Supongamos también que en una década esta intensidad se reducirá a 0,08 ton $/1.000 US$. Este es un nivel similar al de Suecia en 2019, país que se encuentra en la parte descendente de la curva ambiental de Kuznets (U invertida; PIB/hab contra daños ambientales).
Con estos datos, el PIB pasaría de US$265 mil millones a US$ 392 mil millones, y las emisiones de 291 millones de toneladas de CO2 equivalente a 313 millones toneladas de CO2 equivalente.
En 10 años, el PIB aumentaría 48% con un aumento modesto de las emisiones (7,4%), lo que equivale a un transformación productiva y social de velocidad equivalente a la de observada en Suecia.
El gobierno nacional anunció en diciembre de 2020 que Colombia se comprometió a reducir en 2030 el 51% de las emisiones de 2020 (llegar a 169 millones de toneladas de CO2 equivalente).
Las actividades AFOLU (agricultura, silvicultura y otros usos de la tierra) responden por el 55% de las emisiones, y la producción y uso de la energía responde por el 35%.
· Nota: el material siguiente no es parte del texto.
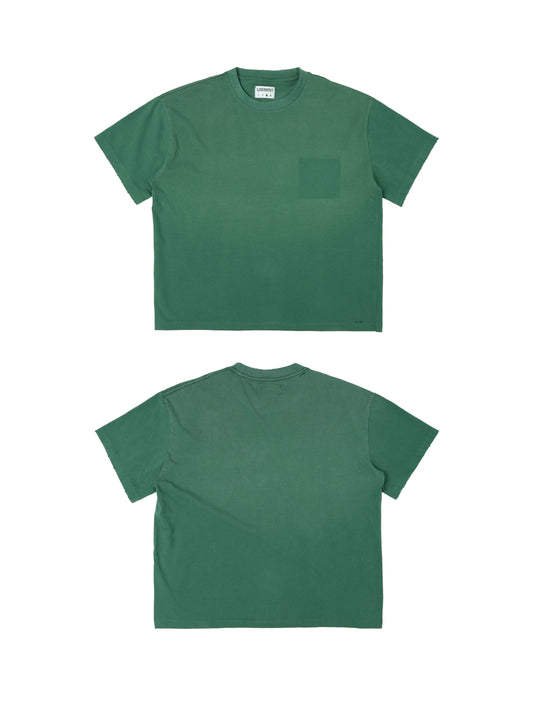LIBERAFIT Vintage Washed Distressed Basic Short Sleeve Tee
La diferencia entre aumentar las emisiones en 7.4% (algo muy difícil de lograr: equivale a ‘ponerle conejo’ a la curva de Kuznets) y reducir 51% propuesto por el gobierno, exigiría en la década siguiente, y con la siguiente prioridad: (i) eliminar totalmente la deforestación y modernizar totalmente los modelos agropecuarios; (ii) que alguien financie y subsidie los sobrecosto de la adopción universal de vehículos eléctricos y de reconvertir activos aún eficientes; (iii) multiplicar por 10 la inversión en I+D como porcentaje del PIB y alcanzar el promedio de la OCDE (2,4% anual) para impulsar una reconversión tecnológica y modelos de negocio digitalizados; y (iii) que alguien financie y subsidie instalaciones masivas de secuestro de CO2, o que nos pague por dejar nuestros recursos minerales en el subsuelo.
Ante la dificultad de avanzar sustancialmente en alguno de estos frentes, un gobierno tiene dos tentaciones para crear reputación verde.
La primera es endeudarse para financiar proyectos de reconversión de transporte e industria con costos superiores a los beneficios. La segunda es promover un exceso de oferta de energías renovables no convencionales en el mercado eléctrico, ‘encallando’ inversiones todavía funcionales. En ambos casos se reduciría la tasa del crecimiento del PIB.
Bajar las emisiones en 51% en una década equivale a bajar las calorías de la dieta de la primera infancia para disminuir el promedio de sobrepeso de la población. Colombia no tiene papada energética, sino la panza medio llena con gases por mal uso del suelo. La política energética de Colombia debe crear valor económico antes que descarbonizar a ultranza.